• _Task objective_:
Copy every line of the data below exactly as given, except for the pictures.

• _Dataset section_:
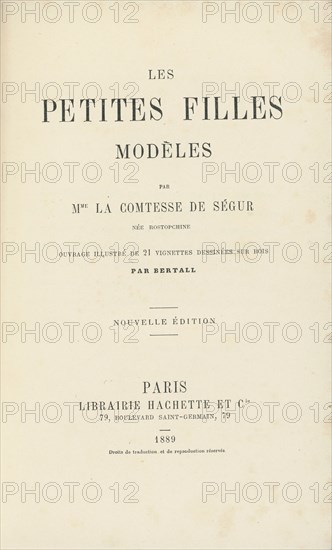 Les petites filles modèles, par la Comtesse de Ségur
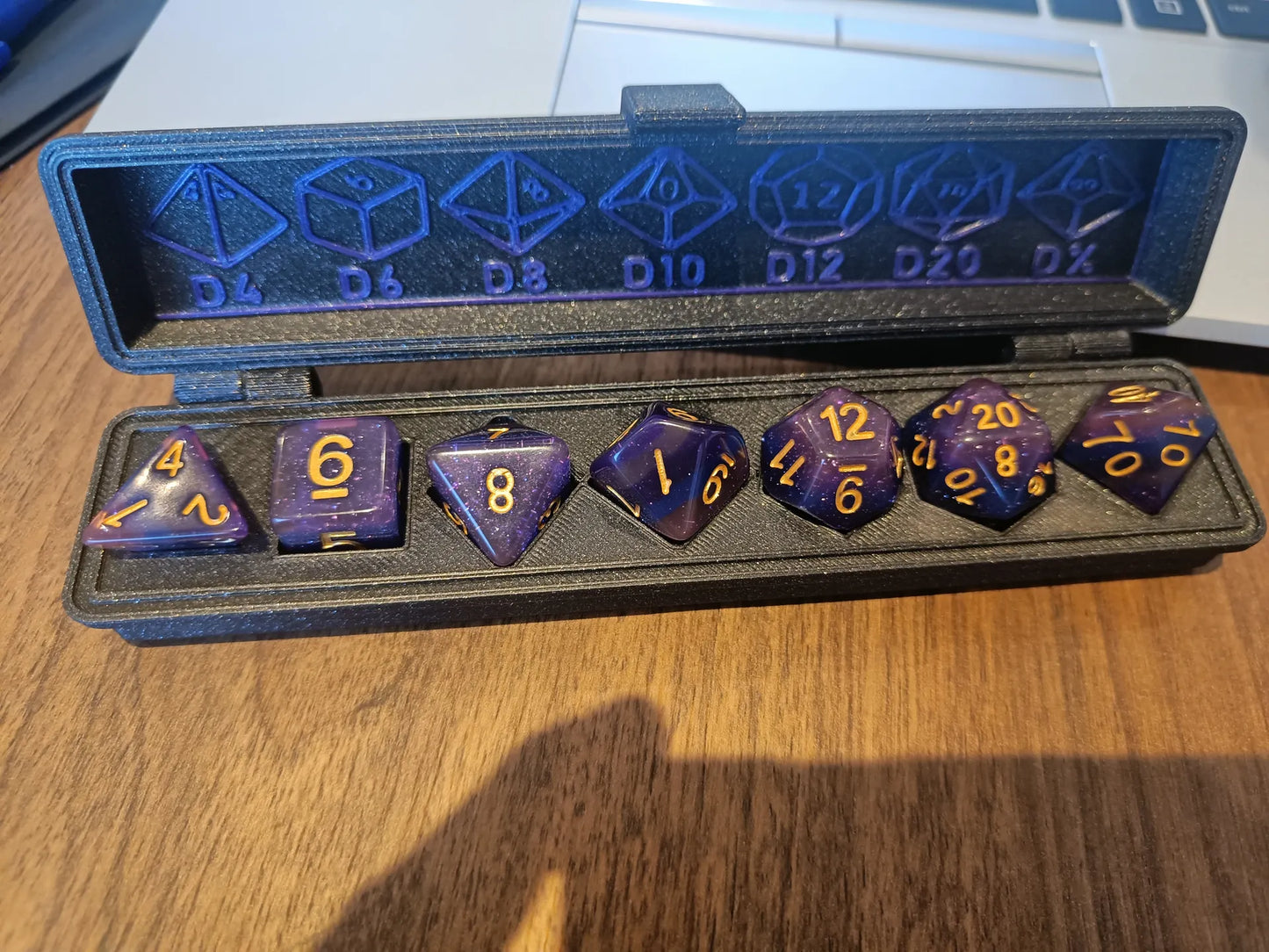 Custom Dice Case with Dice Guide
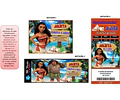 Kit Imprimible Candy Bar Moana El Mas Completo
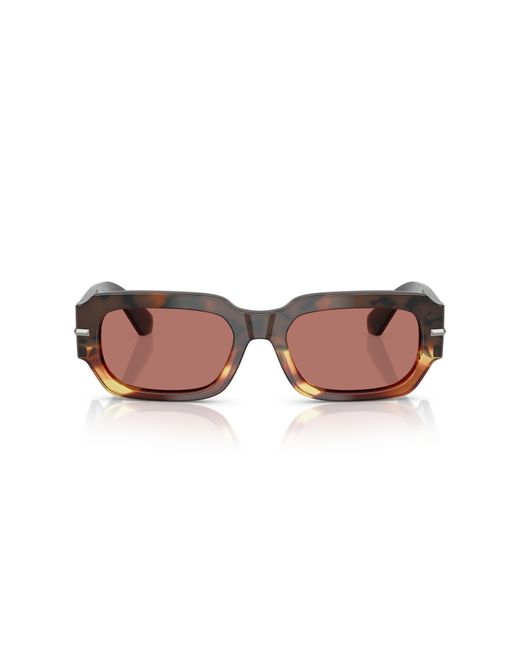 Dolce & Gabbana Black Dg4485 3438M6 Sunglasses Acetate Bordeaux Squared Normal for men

• _Solution to the exercise_:
 Les petites filles modèles, par la Comtesse de Ségur
 Custom Dice Case with Dice Guide
 Kit Imprimible Candy Bar Moana El Mas Completo
 Dolce & Gabbana Black Dg4485 3438M6 Sunglasses Acetate Bordeaux Squared Normal for men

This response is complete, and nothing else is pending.